[Caption-style text data]
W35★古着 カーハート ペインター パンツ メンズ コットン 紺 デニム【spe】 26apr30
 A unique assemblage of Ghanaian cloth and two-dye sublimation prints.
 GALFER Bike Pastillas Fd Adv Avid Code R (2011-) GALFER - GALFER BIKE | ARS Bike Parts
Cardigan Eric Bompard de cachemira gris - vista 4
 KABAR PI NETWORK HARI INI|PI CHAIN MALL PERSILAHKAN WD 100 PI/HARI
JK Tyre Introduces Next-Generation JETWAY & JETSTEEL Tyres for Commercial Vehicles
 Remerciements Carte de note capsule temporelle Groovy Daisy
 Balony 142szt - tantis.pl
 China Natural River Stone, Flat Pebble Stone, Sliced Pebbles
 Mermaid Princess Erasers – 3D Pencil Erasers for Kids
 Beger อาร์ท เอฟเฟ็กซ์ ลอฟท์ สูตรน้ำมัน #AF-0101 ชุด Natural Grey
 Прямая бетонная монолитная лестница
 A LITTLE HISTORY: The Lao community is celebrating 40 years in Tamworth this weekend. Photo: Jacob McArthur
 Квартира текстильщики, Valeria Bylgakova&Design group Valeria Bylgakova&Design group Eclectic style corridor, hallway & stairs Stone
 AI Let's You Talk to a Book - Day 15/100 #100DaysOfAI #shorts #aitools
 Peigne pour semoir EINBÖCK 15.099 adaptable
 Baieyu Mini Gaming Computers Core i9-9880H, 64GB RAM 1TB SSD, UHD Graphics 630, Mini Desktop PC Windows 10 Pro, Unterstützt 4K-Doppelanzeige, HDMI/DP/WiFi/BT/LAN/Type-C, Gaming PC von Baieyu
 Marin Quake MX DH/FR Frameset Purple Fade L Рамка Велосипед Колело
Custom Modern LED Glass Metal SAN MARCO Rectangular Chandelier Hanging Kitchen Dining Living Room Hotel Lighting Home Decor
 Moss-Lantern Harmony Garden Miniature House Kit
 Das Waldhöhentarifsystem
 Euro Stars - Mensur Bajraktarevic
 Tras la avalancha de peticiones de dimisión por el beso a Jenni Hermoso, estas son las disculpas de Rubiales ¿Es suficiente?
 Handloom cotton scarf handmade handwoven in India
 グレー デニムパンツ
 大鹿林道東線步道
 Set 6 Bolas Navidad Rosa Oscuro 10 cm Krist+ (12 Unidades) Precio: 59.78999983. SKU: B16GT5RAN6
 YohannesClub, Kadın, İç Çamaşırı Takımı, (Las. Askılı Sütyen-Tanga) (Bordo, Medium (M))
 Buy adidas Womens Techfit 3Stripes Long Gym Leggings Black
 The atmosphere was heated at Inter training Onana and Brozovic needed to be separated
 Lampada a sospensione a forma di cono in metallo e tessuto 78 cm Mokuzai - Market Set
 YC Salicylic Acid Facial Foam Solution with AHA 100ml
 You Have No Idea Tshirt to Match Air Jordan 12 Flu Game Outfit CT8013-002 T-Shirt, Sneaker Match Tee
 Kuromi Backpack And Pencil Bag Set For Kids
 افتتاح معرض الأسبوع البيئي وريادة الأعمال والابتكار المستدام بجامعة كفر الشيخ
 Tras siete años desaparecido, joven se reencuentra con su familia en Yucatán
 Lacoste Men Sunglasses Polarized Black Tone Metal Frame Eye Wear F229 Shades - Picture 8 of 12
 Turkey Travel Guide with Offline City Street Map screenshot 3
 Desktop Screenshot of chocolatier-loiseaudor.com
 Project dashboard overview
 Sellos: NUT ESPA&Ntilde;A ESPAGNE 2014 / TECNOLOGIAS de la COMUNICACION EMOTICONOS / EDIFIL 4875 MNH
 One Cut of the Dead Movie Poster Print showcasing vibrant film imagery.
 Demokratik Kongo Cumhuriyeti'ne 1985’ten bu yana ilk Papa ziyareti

#### Exercise description:
As listed above, the lines from the line with "Квартира текстильщики, Valeria" to the line with "Moss-Lantern Harmony Garden" are to be echoed exactly, with both ends included and nothing added.

#### Finished exercise:
 Квартира текстильщики, Valeria Bylgakova&Design group Valeria Bylgakova&Design group Eclectic style corridor, hallway & stairs Stone
 AI Let's You Talk to a Book - Day 15/100 #100DaysOfAI #shorts #aitools
 Peigne pour semoir EINBÖCK 15.099 adaptable
 Baieyu Mini Gaming Computers Core i9-9880H, 64GB RAM 1TB SSD, UHD Graphics 630, Mini Desktop PC Windows 10 Pro, Unterstützt 4K-Doppelanzeige, HDMI/DP/WiFi/BT/LAN/Type-C, Gaming PC von Baieyu
 Marin Quake MX DH/FR Frameset Purple Fade L Рамка Велосипед Колело
Custom Modern LED Glass Metal SAN MARCO Rectangular Chandelier Hanging Kitchen Dining Living Room Hotel Lighting Home Decor
 Moss-Lantern Harmony Garden Miniature House Kit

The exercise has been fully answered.